If you’re a pedal junkie like myself, you are likely familiar with Seattle-based 3 Leaf Audio.
I remember when their ‘Groove Regulator’ envelope filter first hit the scene, making waves with how powerful, versatile and straight up funky it was. At the time, there wasn’t much in that smallish form factor that offered that much control over the envelope filter behavior. Naturally, the Groove Regulator was a hit, as were (and are) many of 3 Leaf’s iconic pedal designs.
Following the success of the Groove Regulator and incorporating important feedback from players, 3 Leaf launched the Wonderlove envelope filter, which many still consider the high-water mark for envelope pedals. The Wonderlove tied in some improvements to the Groove Regulator, with a few notable additions that made it even cooler and more usable for bassists.
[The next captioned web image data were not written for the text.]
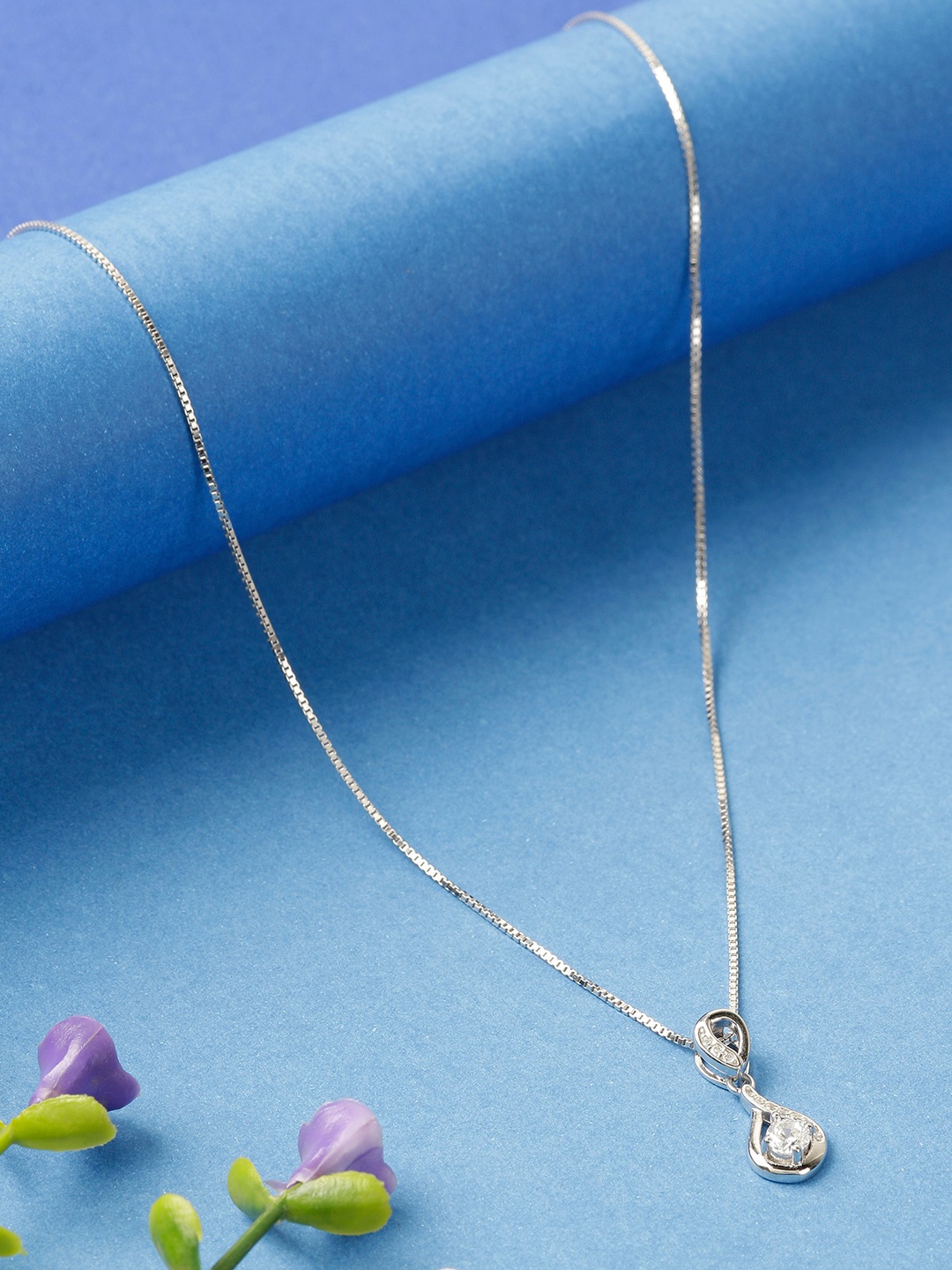 GIVA 925 Sterling Silver-Toned Rhodium-Plated White AAA+ Zircon-Studded Twist Pendant
GIVA 925 Sterling Silver-Toned Rhodium-Plated White AAA+ Zircon-Studded Twist Pendant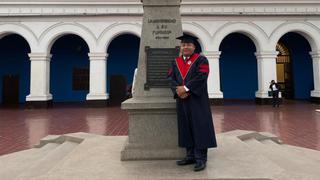 José Ruiz, candidato a la alcaldía de Trujillo, comparte imagen de su graduación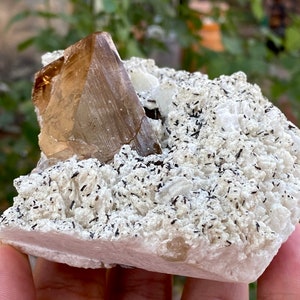 Natural Topaz With Albite Combine Specimen , minerals , mineral specimens , crystals 500 Grams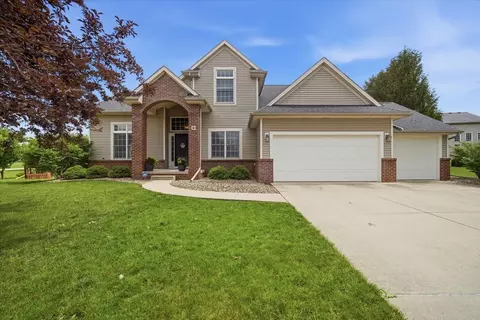 9 Brookline Ct, Bloomington, IL 61705
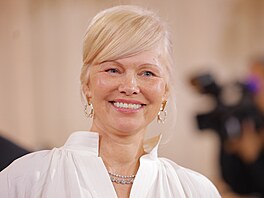 Pamela Andersonová v Los Angeles na Zlatých glóbech (11. ledna 2026)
Now, on the heels of the highly successful Wonderlove, comes the Chromatron.
As 3 Leaf says,“the Chromatron is the result of 10 years of tweaking, refining and reimagining the state variable filter circuit.”
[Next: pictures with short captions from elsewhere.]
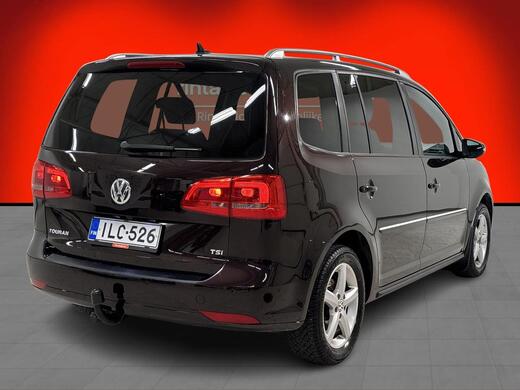 Volkswagen Touran vaihtoauto
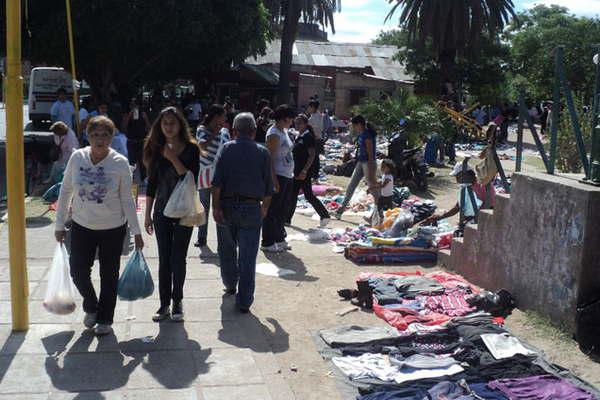 Comisioacuten mixta busca frenar el comercio informal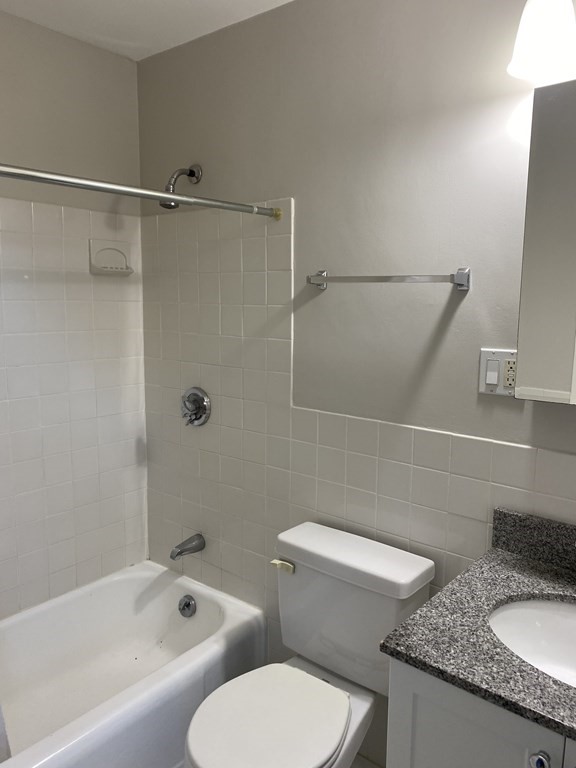 2 bed, 2 bath apartment for rent at 1600 Beacon Unit 611, Coolidge Corner — photo 9 of 12
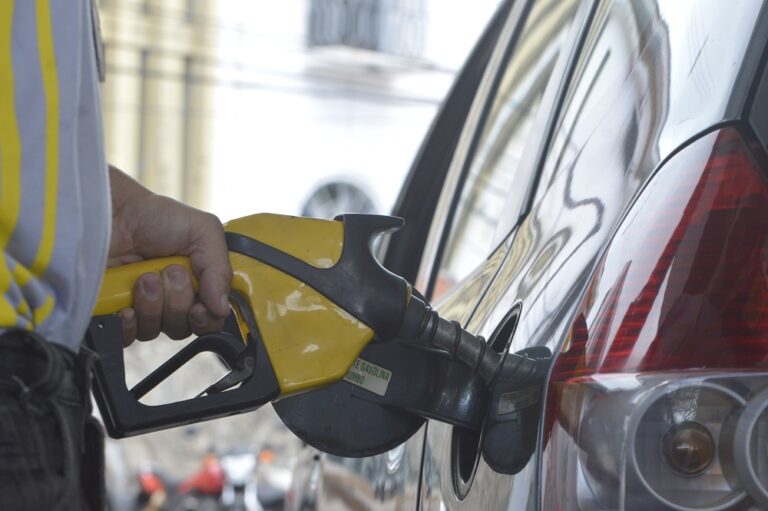 Preço médio da gasolina caiu 3,74% em agosto; litro do etanol está abaixo de R$ 4, diz ANP.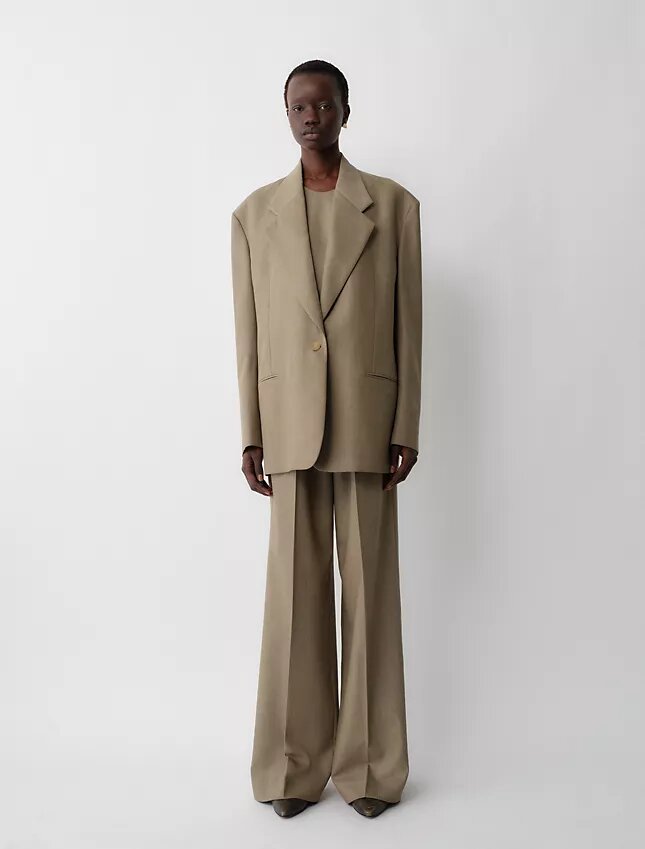 Avery Blazer Avery Blazer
At its core, the Chromatron is an optically controlled analog filter.Its dual footswitches allow users to toggle the effect on/off and also to switch between “envelope filter” mode and “expression pedal” mode for manual control of the filter, with an external expression pedal, giving it a “wah pedal” type of control. All of the controls are well thought out and give the user a huge degree of control over the filter parameters.
Housed in an undeniably boss looking brushed metal casing, the build quality and feel of the pedal couldn’t really be of any higher quality.
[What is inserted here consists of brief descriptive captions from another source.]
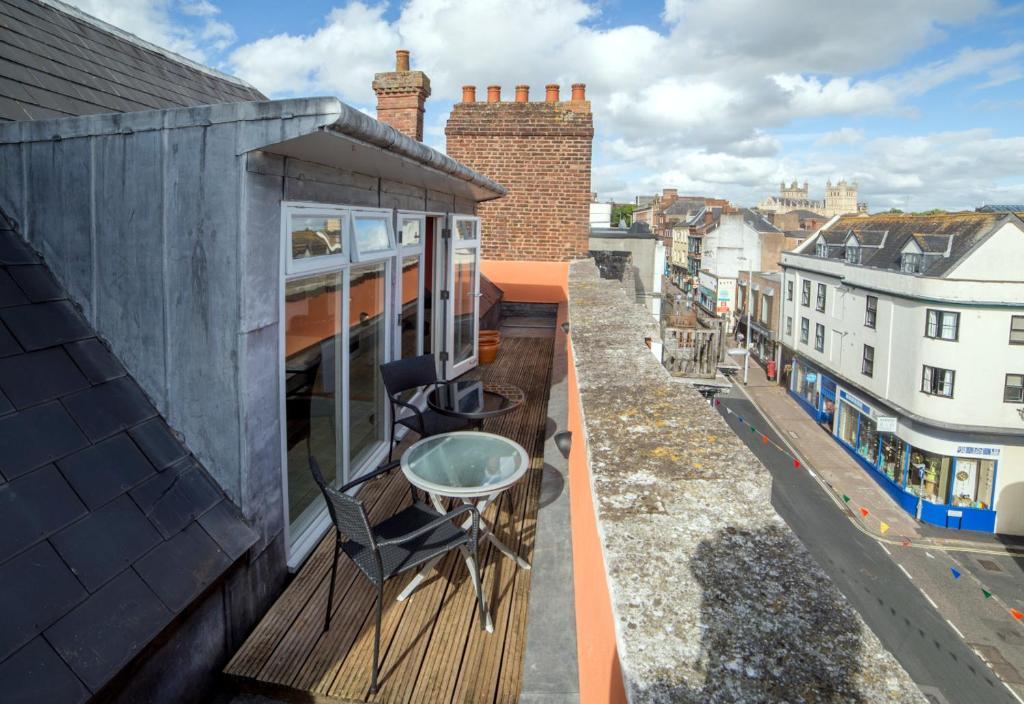 Stunning Central Exeter Apartment with balcony and fantastic view photo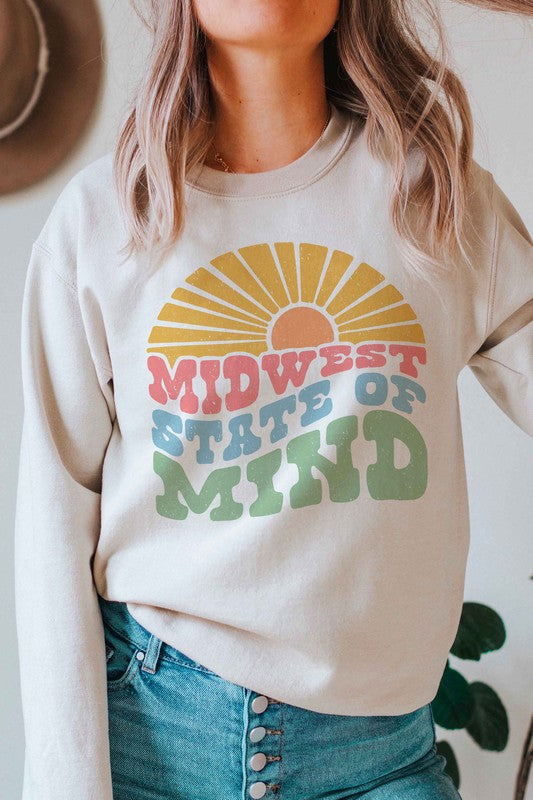 MIDWEST STATE OF MIND GRAPHIC SWEATSHIRT - lolaluxeshop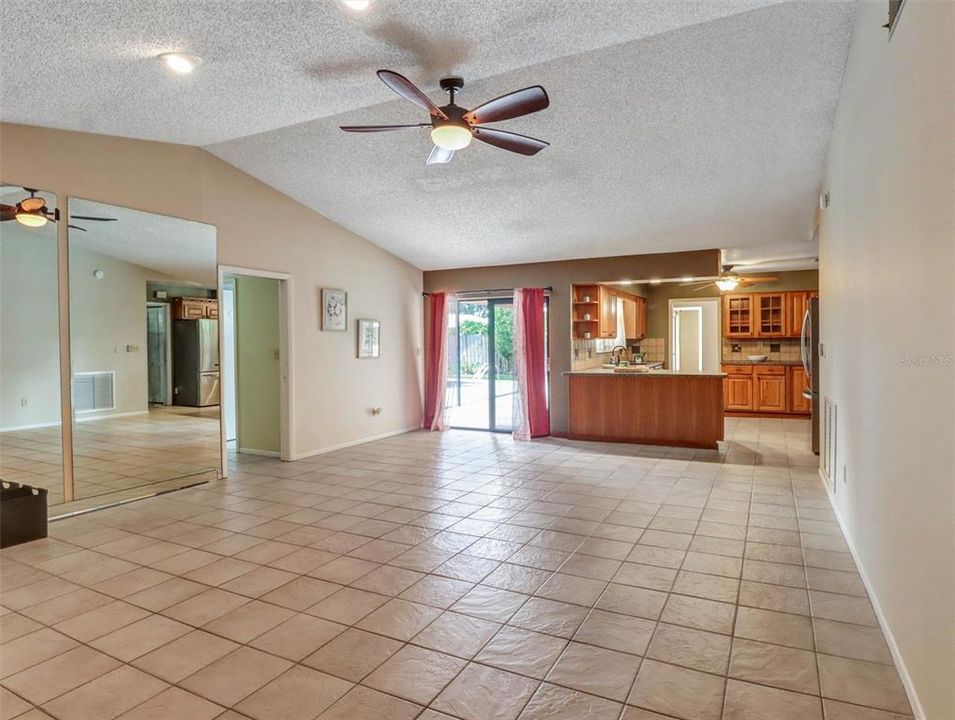 For Sale: $555,000 (4 beds, 2 baths, 1904 Square Feet)
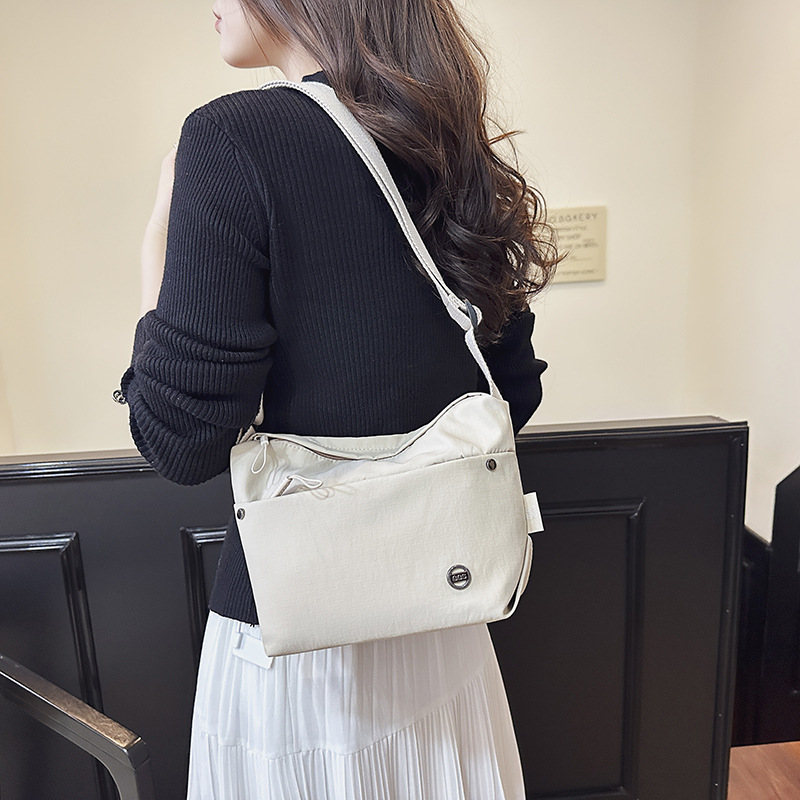 Korean style Instagram fashionable and simple crossbody bag, lightweight and large-capacity, trendy and versatile single-shoulder bag, fresh and cute handbag full figure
It is exceptionally robust and well designed. The knob feel is smooth with nice resistance, making accidental knob bumps a non-issue. I loved the Spartan look and feel of the Chromatron, and the row of top mounted jacks are always nice to see when pedalboard real estate is at a premium.
There are a number of great things about the Chromatron, but I’ll stick with what I consider the coolest and most unique.
The Chromatron’s FX loop (much like the Wonderlove) allows you to run pedals in its loop, sonically placing those effects before the envelope filter, but using the clean input signal so that the triggering of the filter can remain at a consistent level. Did I lose you? Imagine you want to run a chain of octave > fuzz > envelope filter, but you also want to be able to run just your envelope filter with your bass. If you set the “response” knob (the input level/filter sensitivity control that sets the trigger point of the envelope filter) so that it is optimal for your clean bass, but then you kick on the fuzz or octave, and the signal often gets hotter, you lose that perfect balance of filter responsiveness that you just dialed in. With the Chromatron’s FX loop, the filter “sees” your clean bass signal in terms of how the filter is triggered, but the signal path remains octave > fuzz > envelope, as desired. (Side note: for maximum fun, the FX return can also be employed to use any additional sound source in order to trigger its filter. (Try it with a kick drum mic, trust me.)
It is these types of smart innovations like this that make the 3 Leaf stand out, as they are clearly designed by someone with working knowledge of what players need and want.
One of the Chromatron’s allures is that it is complex but immediately intuitive.
I was able to hone in on my preferred envelope sounds pretty quickly, and it delivered some supremely musical classic tones. I loved how easy it was to tweak the parameters and get it just right for pretty much whatever I was going for.
I have to admit; envelope filters have come a long way since I first became infatuated with them. My journey started with the good ole green 2-knob DOD FX25, and then the Electro Harmonix Q-tron, in all its big and clunky glory. Then I moved on to a dozen or so more, each one cool, but missing some kind of necessary practical requirement or limitations in its sound. The Chromatron packs so much control and versatility into a compact user-friendly package, with style and grace.